Eliotta turned to him, her eyes glowing with
elation. "Pa," she said softly, "I entered for the Faerieland School of Dance
audition. They sent me the letter, and... and I passed!"
The news spread like wildfire. All the neighbours
were pleased; they were mostly poor like her and it was rare anyone in their
neighbourhood would receive such honours. But none were happier than Eliotta
herself, as she flew around helping her mother to pack her things for her stay
in Faerieland. Her heart sang with excitement, and joy sped her hands as she
folded clothes and packed her few personal belongings into a little suitcase.
At last the day came, when she was going to
leave. Her parents followed her to the School gates. There she set down her
suitcase so that she could say goodbye to her them. She hugged her father and
kissed him on his cheek. Then she turned to her mother. "I never could have
done it without you, Ma," she whispered, and embraced her. Then she stood up,
trying to hold back her tears as she watched her parents diminish to little
figures as they walked back to Neopia Central. It would be very long before
she saw them again. She would miss them.
Then she turned her face to the bright future
before her. "I'm going to dancing school! I'm going to be a dancer!" she cried.
Then she picked up her suitcase and ran inside.
Five years later...
The Faerieland School of Dance gleamed with
hundreds of light under the starry Faerie sky. A great crowd was pushing in
through the tall gate and past the oaken doors. Tonight, the School was holding
a great performance, a dance called 'The Faeries' Court, in which its highest
and best pupils would be performing.
Among those that crowded into the seats in the
huge theatre were two middle-aged Aishas.

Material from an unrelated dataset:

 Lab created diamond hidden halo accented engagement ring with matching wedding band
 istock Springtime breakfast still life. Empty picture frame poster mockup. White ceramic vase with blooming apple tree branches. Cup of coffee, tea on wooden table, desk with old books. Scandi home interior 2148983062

It was none other than Mr. Beraisha
and his wife, come to watch their daughter perform. They, like everyone else,
held their breaths as the light dimmed and the curtains swept open.
The background was like an azure blue sky, embroidered
with little clouds. Against the background was set a throne covered in gold
cloth. Around the stage, in a circle, were several other smaller thrones. The
music began, and the dancers entered.
First came the Uber-faeries, each flanked by
two of their own lesser kind. Each of them danced up the stage and did a pirouette
before seating themselves. Then the other faeries came, one after the other.
They too, pirouetted and glided gracefully over to their seats. When they were
all seated, the audience looked back to see what was next.
Suddenly the music changed to a great majestic
tone. Everyone gasped as graceful, lovely, queenly, the Faerie Queen entered
among her maids-of-honour. She was clothed in flowing white robes, and behind
her trailed a fine mantle of violet material embroidered in gold thread. Upon
her head there was a circlet of gold, and she wore a thin gold girdle. It was,
of course, none other than Eliotta herself, though now she was fifteen and she
was painted white. Eliotta's parents felt immeasurable pride as their daughter
mounted the stage and they heard the audience's gasps of awe. It might have
been the happiest moment in their lives.
As Eliotta danced her part as the Faerie Queen,
she too felt proud. All her hard years of climbing the pipe to the ventilation
window had paid off, and so had her diligent studies and long hours of practice
in school. As she gracefully danced, she caught sight of her parents' joyful
faces filled with pride. Her heart grew happy and her eyes brightened with love
and joy. She smiled, lovingly, at them.